Handgun rounds travel at a slower velocity because the barrel of a handgun is shorter. But the bullets usually are heavier, so they will cause a lot of damage when they strike their target, he said.
But a bullet fired from a long gun or a military-style assault weapon, such as an AR-15, while lighter, can also cause a great amount of damage because of the speed at which it travels when discharged.
“A lighter, faster bullet can cause a more devastating wound,” Crissman said.
In 2017, the gun city police came into contact with the most was the 9 mm, with 107 of them taken. A 9 mm bullet weighs 115 grains, or 7.5 grams, and travels at a speed of 1,246.7 feet per second.
A .223-caliber or 5.56 mm bullet, which is fired from an AR-15 rifle, weighs 60 grains, or 3.9 grams, yet it travels at a velocity of 3,160 feet per second.
The sort of “happy medium,” if one can call it that, is the 7.62x39 mm round fired from the vaunted AK-47 rifle, which was used to shoot down American helicopters in the Vietnam War. The round is slightly heavier than a 9mm round at 122 grains, or 7.9 grams, yet it travels at a velocity of 2,104 feet per second.
“Any weapon with a longer barrel has more muzzle velocity,” Crissman said.
Gardner said a bullet is just one part of a projectile that is fired from a weapon. He said the bullet is housed in the cartridge, which is ejected from the weapon if it is discharged from an automatic weapon.

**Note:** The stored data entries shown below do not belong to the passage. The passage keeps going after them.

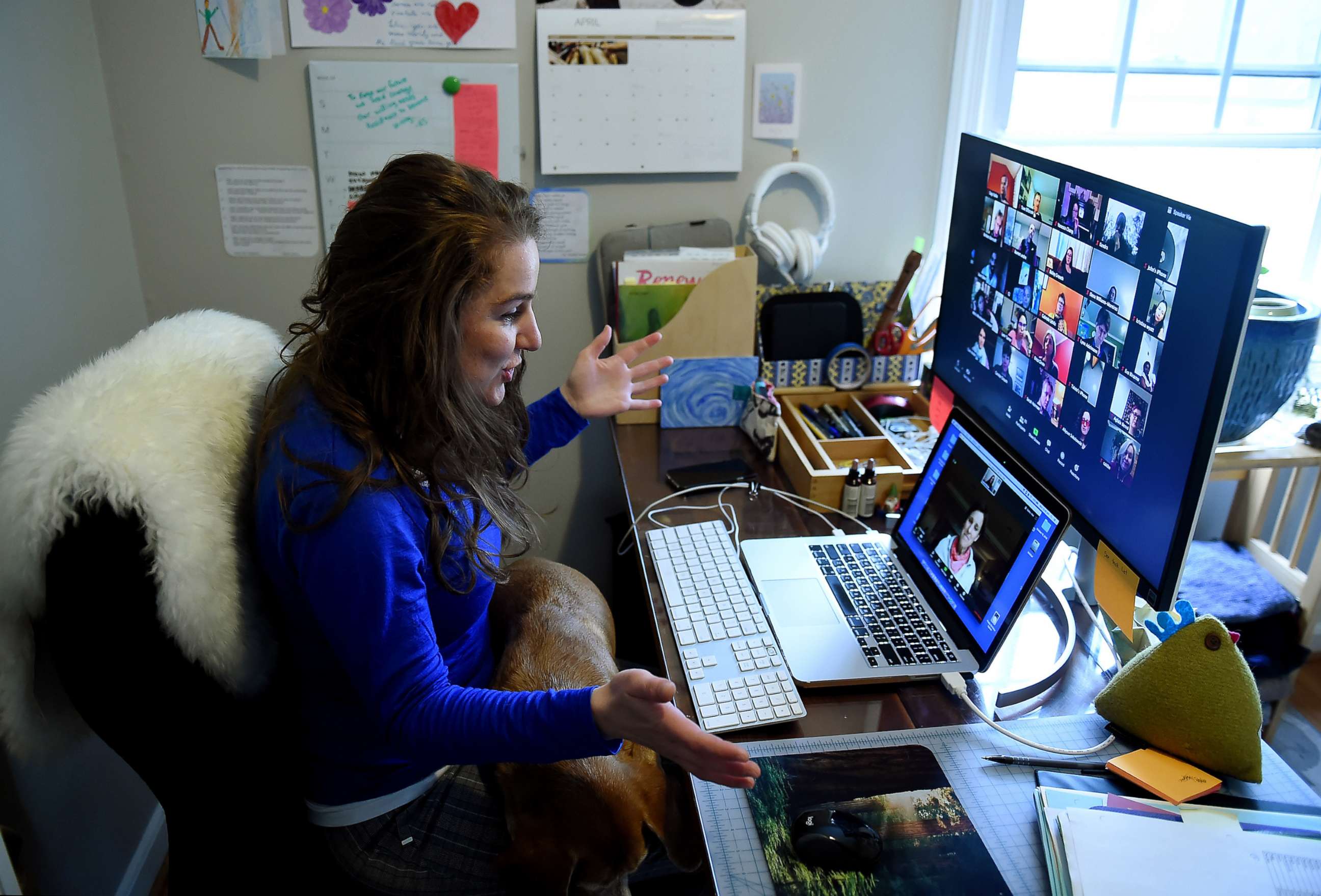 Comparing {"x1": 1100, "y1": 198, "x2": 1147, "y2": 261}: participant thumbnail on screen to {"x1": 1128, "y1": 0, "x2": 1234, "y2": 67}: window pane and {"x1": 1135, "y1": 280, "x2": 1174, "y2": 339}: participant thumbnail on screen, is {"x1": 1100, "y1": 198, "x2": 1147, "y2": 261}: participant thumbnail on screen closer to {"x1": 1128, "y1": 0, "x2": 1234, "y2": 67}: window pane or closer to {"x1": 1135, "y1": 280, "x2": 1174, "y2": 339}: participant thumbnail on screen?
{"x1": 1135, "y1": 280, "x2": 1174, "y2": 339}: participant thumbnail on screen

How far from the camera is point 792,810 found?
946mm

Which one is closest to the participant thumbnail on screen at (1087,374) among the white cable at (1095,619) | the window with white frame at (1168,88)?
the white cable at (1095,619)

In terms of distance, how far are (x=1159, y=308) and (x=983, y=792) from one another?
555 mm

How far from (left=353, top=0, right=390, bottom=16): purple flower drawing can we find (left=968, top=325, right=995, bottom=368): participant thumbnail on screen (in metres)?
1.30

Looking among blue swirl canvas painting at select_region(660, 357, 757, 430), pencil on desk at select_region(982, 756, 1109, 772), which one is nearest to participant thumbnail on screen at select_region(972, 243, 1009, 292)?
blue swirl canvas painting at select_region(660, 357, 757, 430)

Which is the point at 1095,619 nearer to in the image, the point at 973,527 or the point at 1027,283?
the point at 973,527

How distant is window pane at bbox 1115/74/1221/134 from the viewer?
2.02 meters

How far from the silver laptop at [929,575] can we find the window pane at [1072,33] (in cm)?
114

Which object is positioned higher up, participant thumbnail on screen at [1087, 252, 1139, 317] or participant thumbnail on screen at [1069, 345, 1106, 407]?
participant thumbnail on screen at [1087, 252, 1139, 317]

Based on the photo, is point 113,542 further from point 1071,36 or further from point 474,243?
point 1071,36

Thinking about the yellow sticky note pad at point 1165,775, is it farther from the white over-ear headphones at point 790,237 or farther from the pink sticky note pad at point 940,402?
the white over-ear headphones at point 790,237

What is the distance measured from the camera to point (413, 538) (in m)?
1.01

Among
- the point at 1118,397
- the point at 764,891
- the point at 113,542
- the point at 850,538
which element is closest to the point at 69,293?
the point at 113,542

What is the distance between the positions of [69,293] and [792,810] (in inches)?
60.4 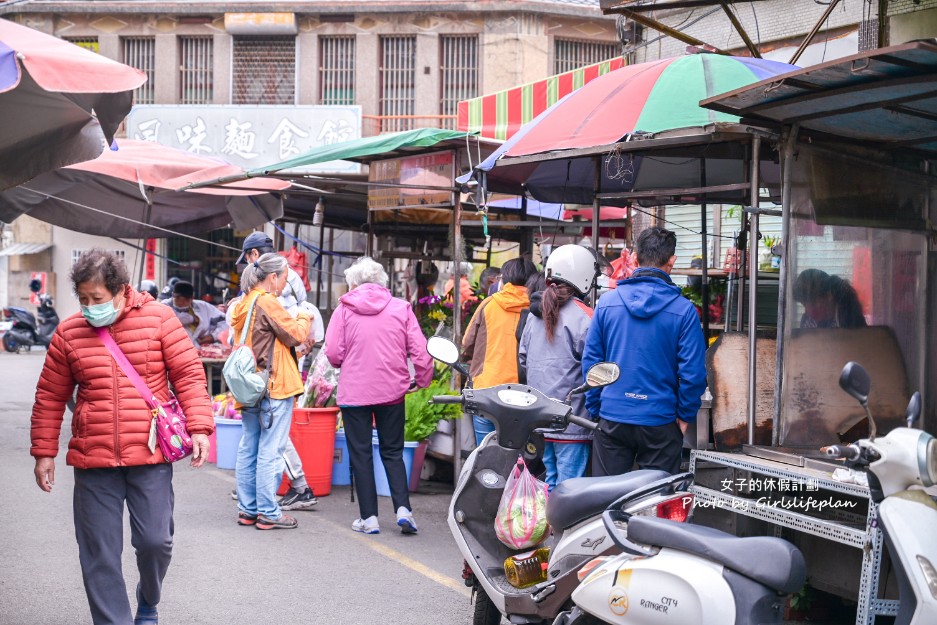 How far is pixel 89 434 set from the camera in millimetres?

The amount of gunpowder in a bullet also determines how fast it travels, Gardner said, because more gunpowder will give the bullet a greater speed. He said rifle rounds contain more gunpowder than handgun rounds.
Pistols are typically a defensive weapon, made to be used at close range, Crissman said. Officer Michael Bodnar, the department’s other firearms officer, said rifles are designed to be more accurate from a longer distance, and rifle bullets are designed to go longer distances and be more accurate.
Crissman, also a member of the department’s crime lab that collects evidence at crime scenes, said he saw more rifle shootings in the 1990s than today.
He said from his experience, handgun wounds are usually easier to survive than a wound from a rifle, but he added that also depends on where someone was shot.
The bullet that seems to get no love is that which is fired from a .22-caliber pistol.
Of the weapons police usually deal with on a regular basis, it shoots the smallest and slowest round. A .22 round weighs 29 grains, or 1.9 grams and travels at a velocity of 1,132 feet per second.